La “tipicità” è una categoria rassicurante ma subdola, ingannevole, e soprattutto ideologica. Si richiama a un’identità ascritta nel territorio, come se tutto derivasse da un seme innato nei luoghi che, germogliando, si riproduce sempre uguale a sé stesso. Tipico, così come puro (altra parola odiosa), autoctono e originale sono concetti che provengono da una matrice vagamente creazionista e tendono a farci credere che le cose, come le identità (ecco la parola che piace tanto ai leghisti), rimangano sempre uguali a sé stesse. Sarebbe meglio ragionare in termini di “tradizione”, concetto che al contrario prevede uno sviluppo (dunque è di matrice evoluzionistica), e di cui parleremo prossimamente.

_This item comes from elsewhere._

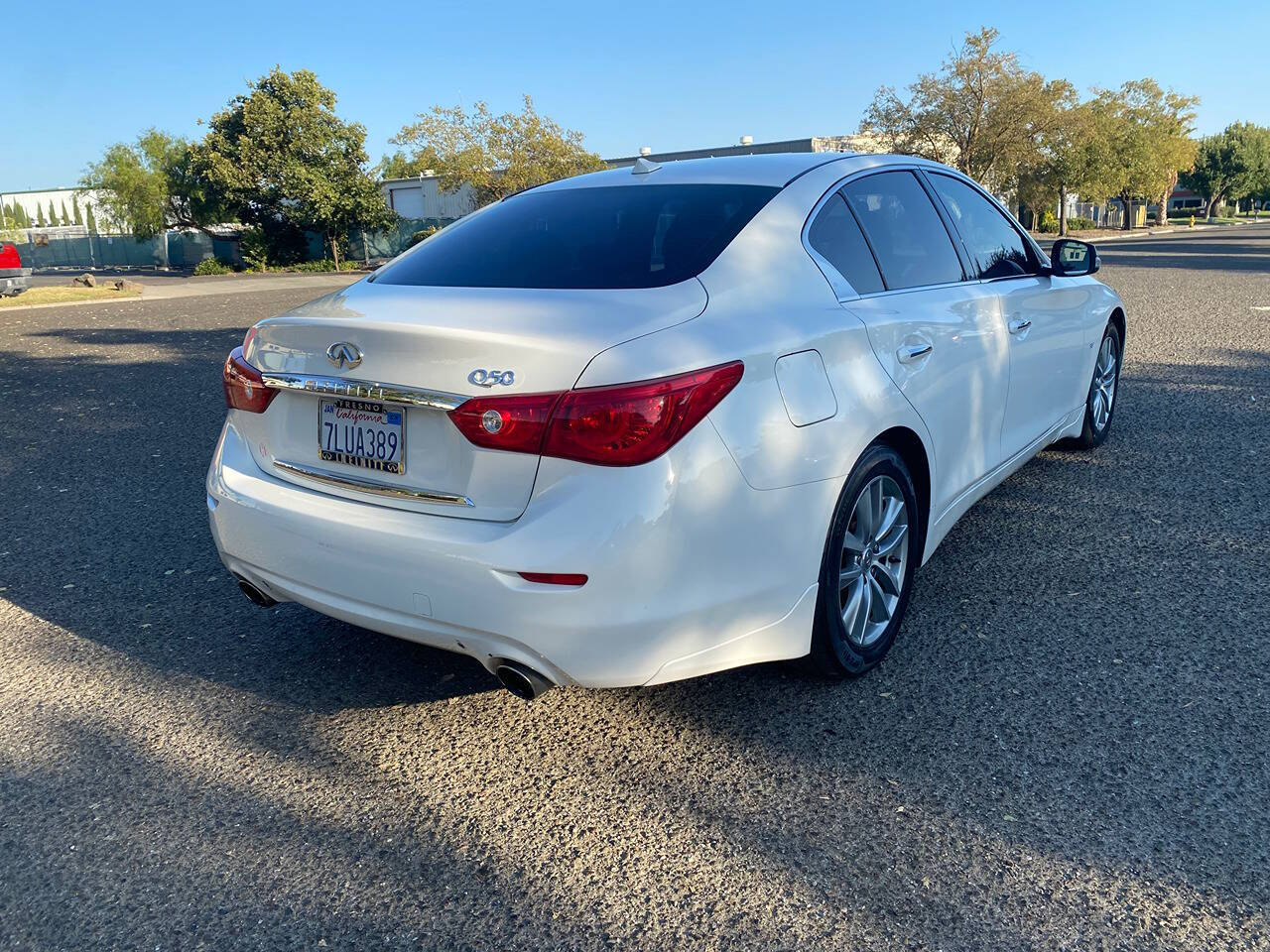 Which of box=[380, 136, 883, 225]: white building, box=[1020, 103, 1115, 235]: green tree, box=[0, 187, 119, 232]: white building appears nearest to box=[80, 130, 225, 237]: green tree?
box=[380, 136, 883, 225]: white building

La cucina tipica, con buona pace delle migliaia di ristoranti che la propongono, non esiste nella forma proposta. Il mais (la polenta) si è diffusa sulle Alpi tre secoli e mezzo fa, il pomodoro Pachino non cresce da sempre sulle coste orientali della Sicilia, ma deriva da un incrocio ottenuto 60 anni fa in Israele, e le “tipiche” vongole veraci del Delta del Po sono arrivate dalle Filippine nel 1989. In realtà ogni cosa “tipica” è uno stereotipo, un prodotto di marketing: la cucina povera dei contadini che un tempo tutto recuperava oggi – assai variata – viene offerta a prezzi salati nei ristoranti alla moda. Ma la cucina tipica è tanto buona. Oh che bel vivere, ho che bel piacere. Tipico? Son qua!